You’ve brought your students to the archives. You and staff members at the institution have introduced students to archival research, and you’ve helped them decipher the rich but difficult primary sources in front of them. You’ve got only a few minutes left until it’s time to leave. How to end this great experience on a high note?
Instructors should fight the urge to abandon a wrap up in favor of a few more minutes with the primary sources. A thoughtful and well-organized wrap up is an essential part of an effective archives visit. It pushes students to reflect on their experience, to practice summarization skills (this exercise is a great example of this), to hear about and comment on each others’ experiences, and to begin formulating analytical conclusions. Wrap ups allow teachers to tie the experience in the archives back to the course’s thesis and objectives.
Don’t forget to consider logistics when planning a wrap up. If your students are spread around the reading room in small groups, you will most likely want to reconvene everyone. You might instead allot more time to rotate, as a class, among the various stations together. Decide whether you want your students to sit or stand. Make sure they are facing each other – and talking to each other, not just to you, their teacher.
Connect the insights students make the archives back to the larger course themes or objectives. For example, one professor shaped his Early American history course around the statement “History is an argument.” After his students spent over an hour poring over handwritten documents about subjects including slavery, urban development, and agriculture, the professor tied together the students’ different findings (and their plans for how they would use their research) back to that essential question.
At the end of a successful visit to the archives, many instructors are so thrilled with the experience that they forget to keep challenging students.

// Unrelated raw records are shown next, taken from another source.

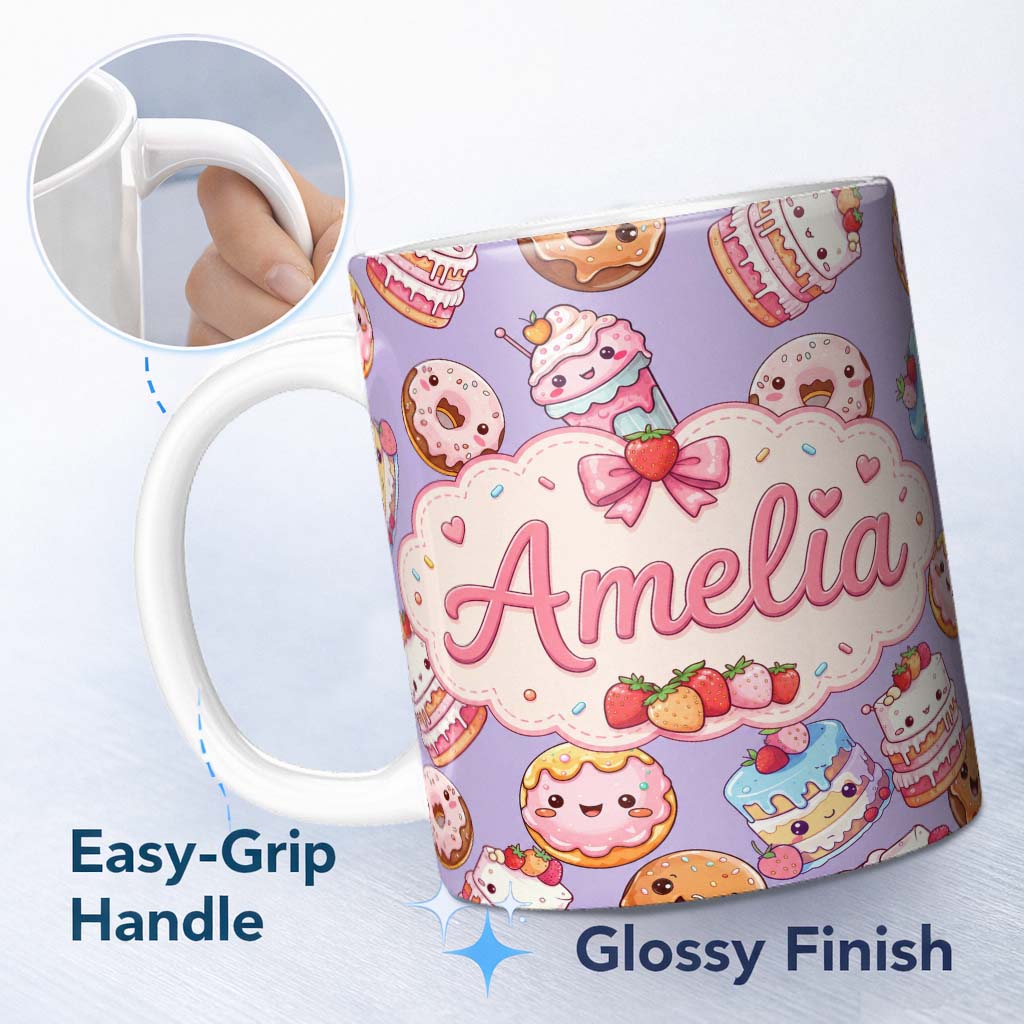 Personalized Custom Name Cute Kawaii Donut Cake Dessert Lavender Background Seamless Pattern 11oz Ceramic Coffee Tea Mug White Large Handle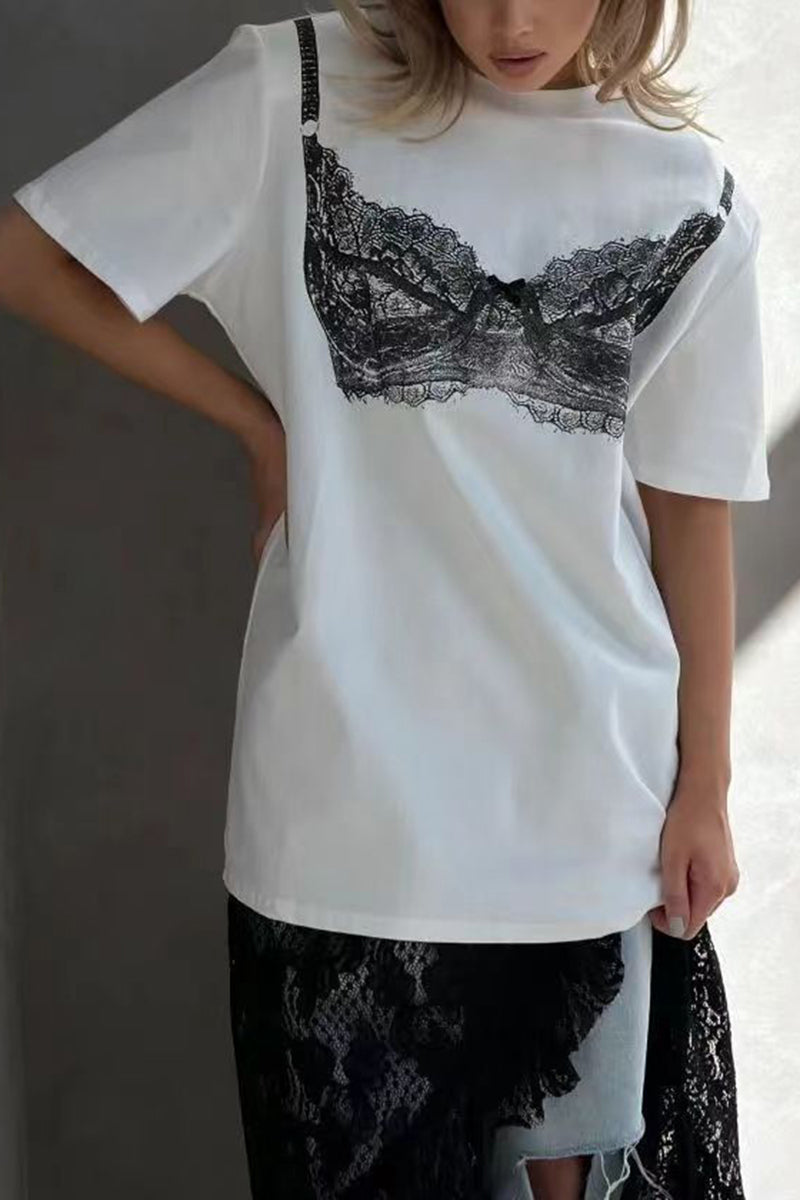 Chic Lace Graphic T-Shirt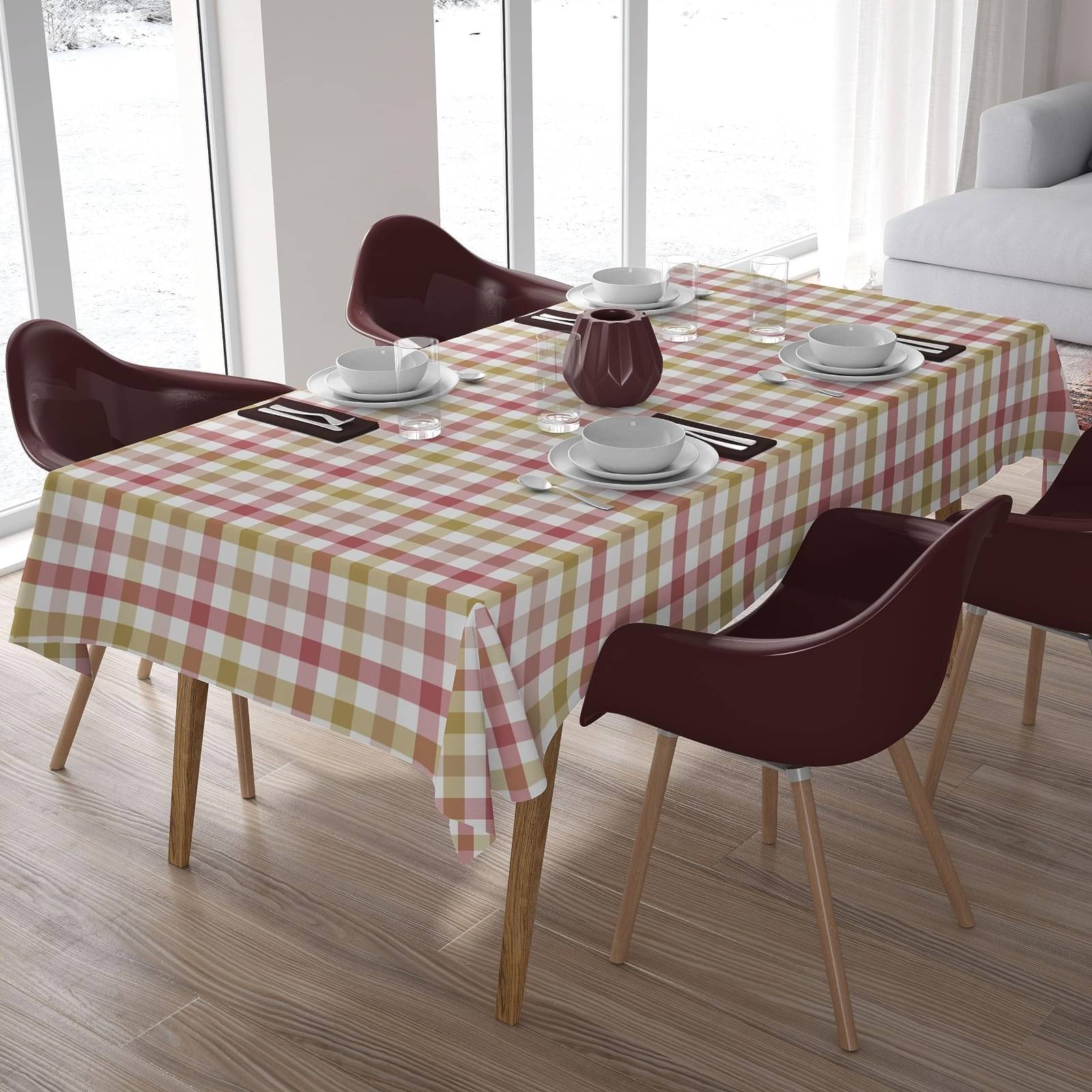 Home Colors Checks Cotton 4 Seater Rectangle Table Cover ( 183 x 152 ) cm Pack of 1 Pink Home Colors Checks Cotton 4 Seater Rectangle Table Cover ( 183 x 152 ) cm Pack of 1 Pink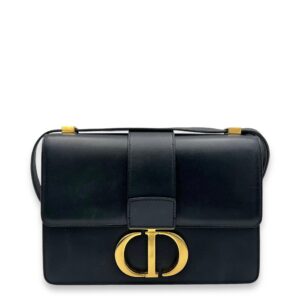 Montaigne Crossbody Bag Black in Calfskin, Gold hardware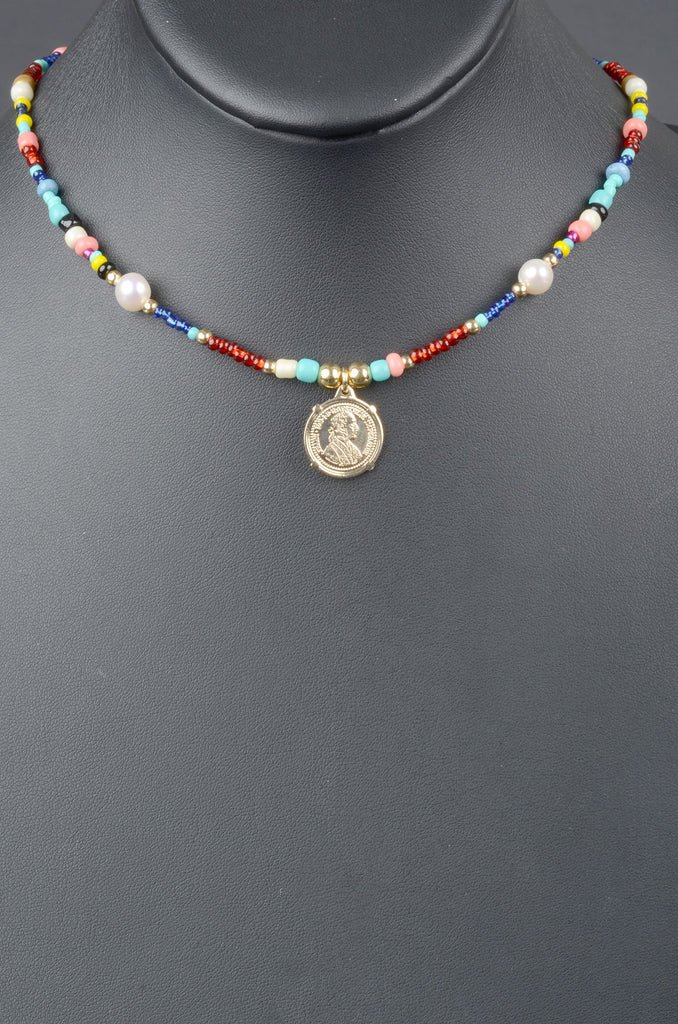 Sterling Colorful Bead and Cultured Pearl Coin Necklace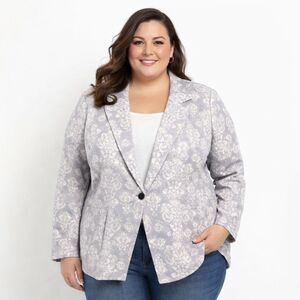 LOGO By Lori Goldstein Peplum Blazer 3X Jacket Gray Ponte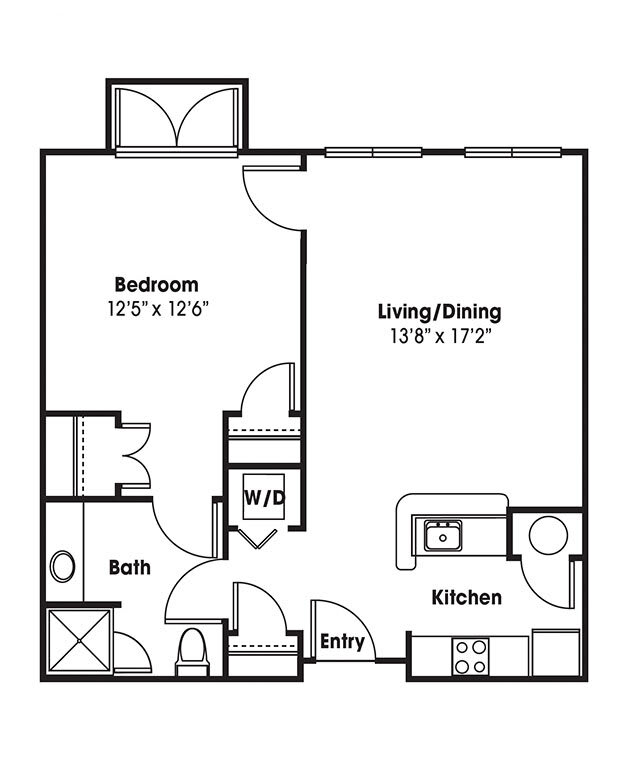 A floor plan of a one-bedroom apartment with designated areas for living/dining, kitchen, bathroom, and a bedroom.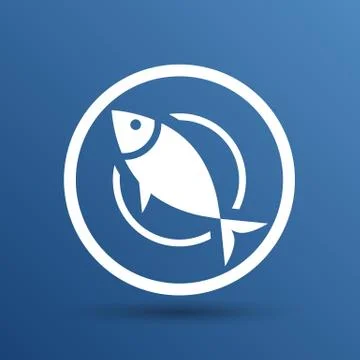 Fish menu icon logo seafood fork tuna vector Stock Illustration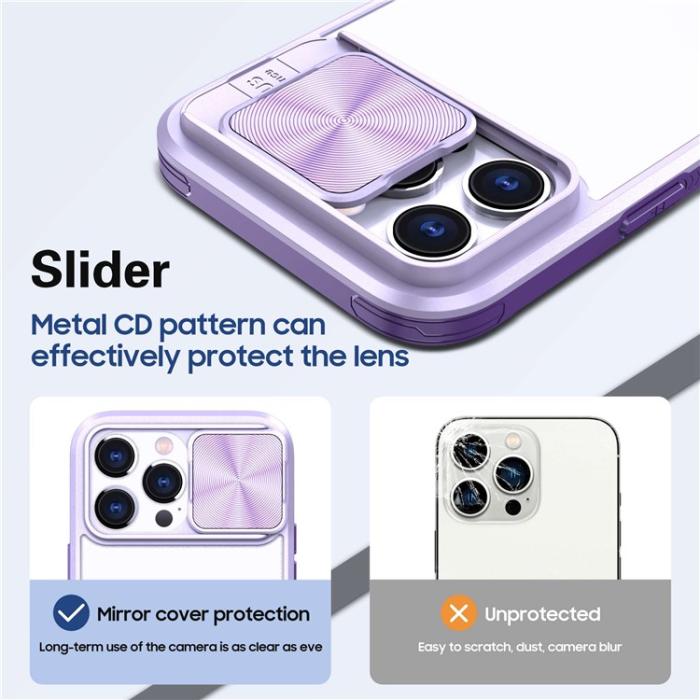 OEM - iPhone 14 Pro Skal Camera Slider - Lila
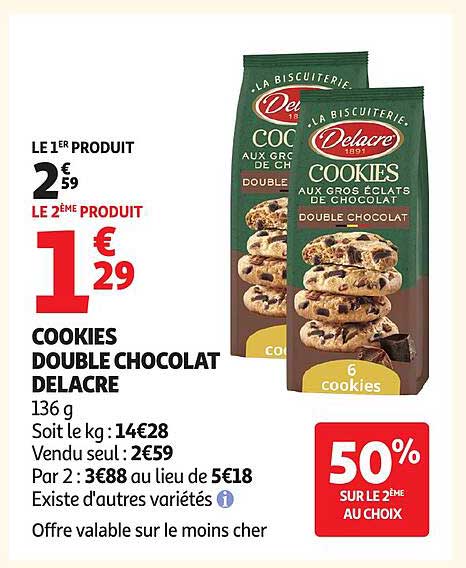 COOKIES DOUBLE CHOCOLAT DELACRE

A wrap up is the time to ask students difficult questions. Pose thought-provoking statements to students and ask them to agree or disagree. Push students to articulate their findings in a more nuanced way when they give only a cursory or simplified responses. Draw parallels between students’ experiences and findings and encourage them to dialogue with each other about key course themes.
Finally, remember that the in-archives wrap up is the first – but not the only – opportunity to connect the archives visit back to the course writ large. Consider using the beginning of your next class period to discuss the visit and the primary sources examined. Even a single, short visit to the archives can have an enormous impact on students with the help of a participatory, thought-provoking wrap up.